● **What you should do**: The required output is the line with "DISCOAT（ディスコート" plus all lines that follow it to the end of the listing below, written out exactly, with no pictures.

____

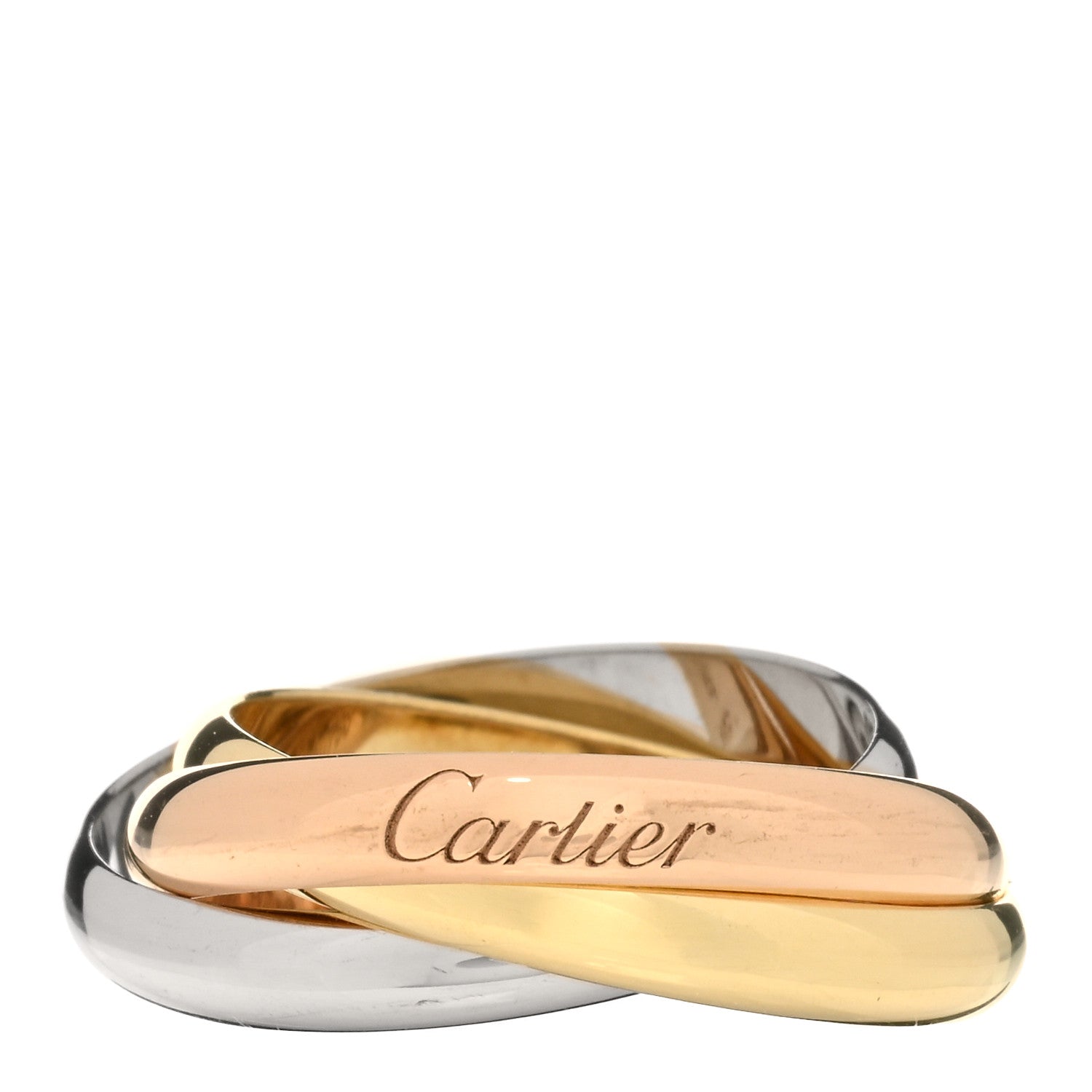 Cartier 18K Pink Yellow White Gold Classic Trinity Ring 60 9 1 of 3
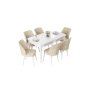 HANAH HOME Set Trpezarijski sto i 6 stolica Nef White Cream - slika 2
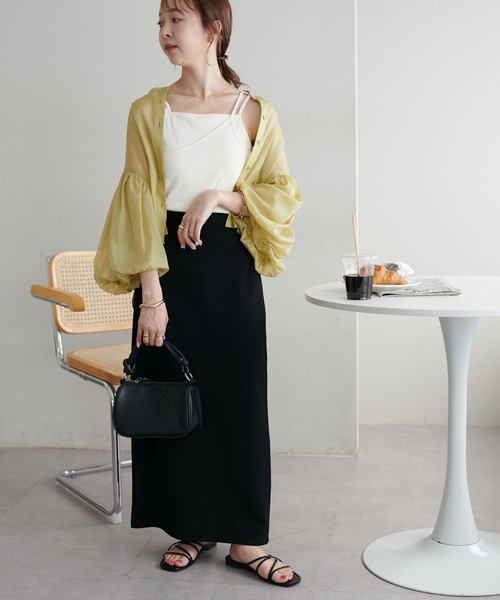 DISCOAT（ディスコート）の「《新色追加！》ラメシアー袖バルーンブラウス（シャツ/ブラウス・レディース・アイボリー/ブラック/レモンイエロー/ブラウン・FREE）」の5枚目の写真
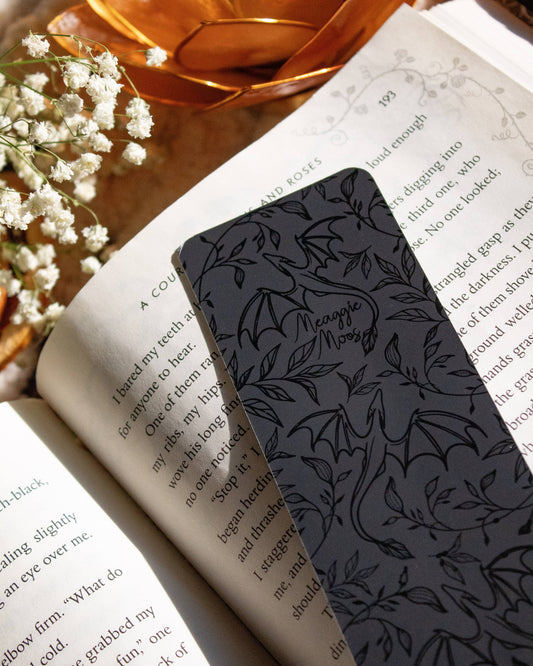 Meaggie Moos - Black on Black Floral Dragons Bookmark | Soft Touch - The Secret Garden Bookery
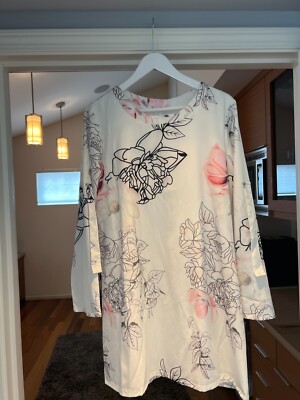 YOINS White Satin Floral Short Straight Dress ¾ Roll-up Sleeves MEDIUM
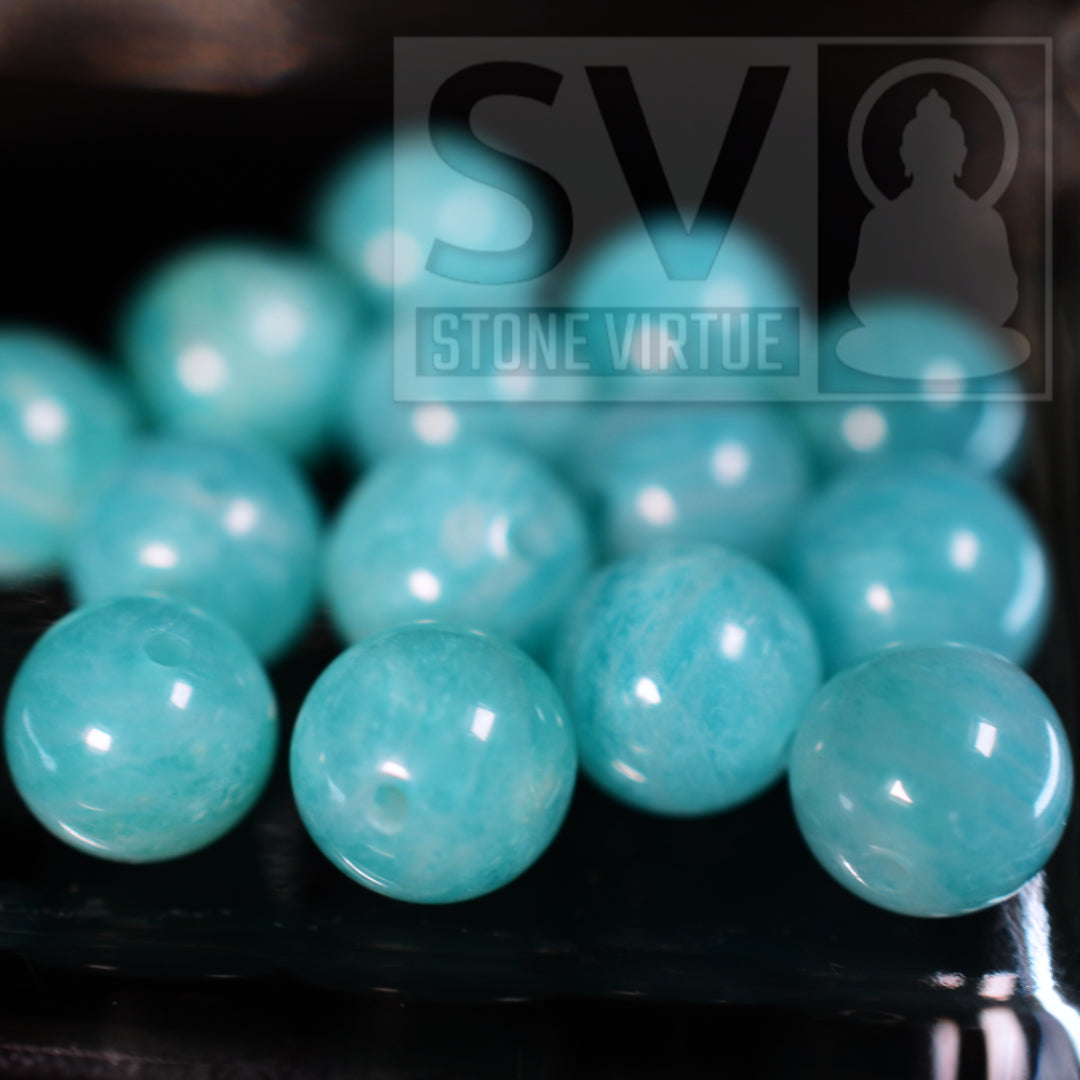 8mm natural Amazonite gemstone beads, known for balancing emotions, promoting harmony, and enhancing communication and courage.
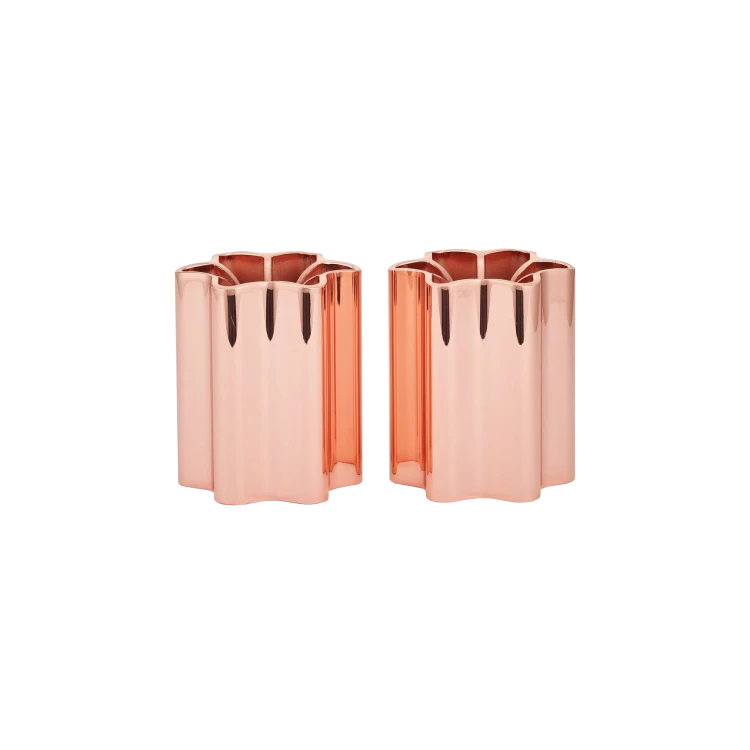 Modern Mensch Candle Holders, Rose Gold - Gessato Design Store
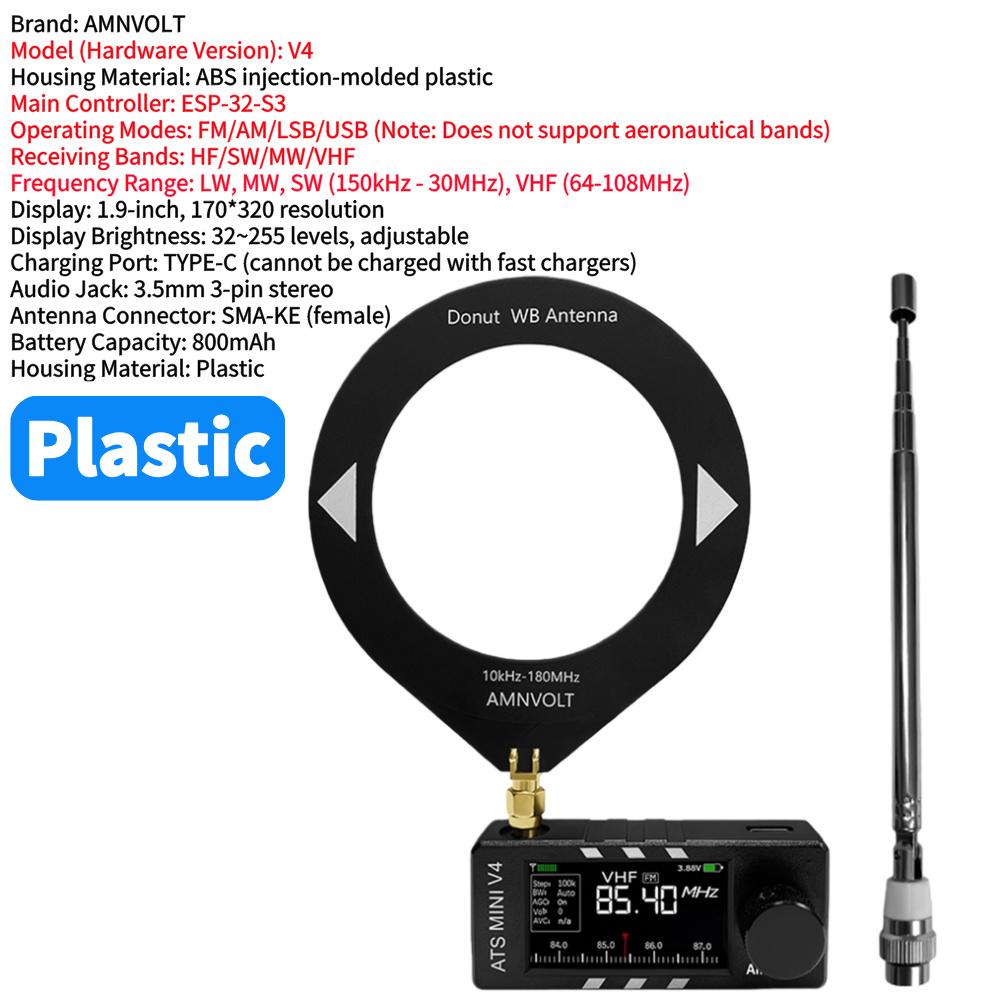 AMNVOLT V4 ATS MINI SI4732 Радио с усилителем для наушников LSB USB Транзисторные карманные радиоприемники 1,9-дюймовый IPS-экран для помещений и улицы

____

● **Response to the exercise**:
 DISCOAT（ディスコート）の「《新色追加！》ラメシアー袖バルーンブラウス（シャツ/ブラウス・レディース・アイボリー/ブラック/レモンイエロー/ブラウン・FREE）」の5枚目の写真
 Meaggie Moos - Black on Black Floral Dragons Bookmark | Soft Touch - The Secret Garden Bookery
 YOINS White Satin Floral Short Straight Dress ¾ Roll-up Sleeves MEDIUM
 8mm natural Amazonite gemstone beads, known for balancing emotions, promoting harmony, and enhancing communication and courage.
 Modern Mensch Candle Holders, Rose Gold - Gessato Design Store
 AMNVOLT V4 ATS MINI SI4732 Радио с усилителем для наушников LSB USB Транзисторные карманные радиоприемники 1,9-дюймовый IPS-экран для помещений и улицы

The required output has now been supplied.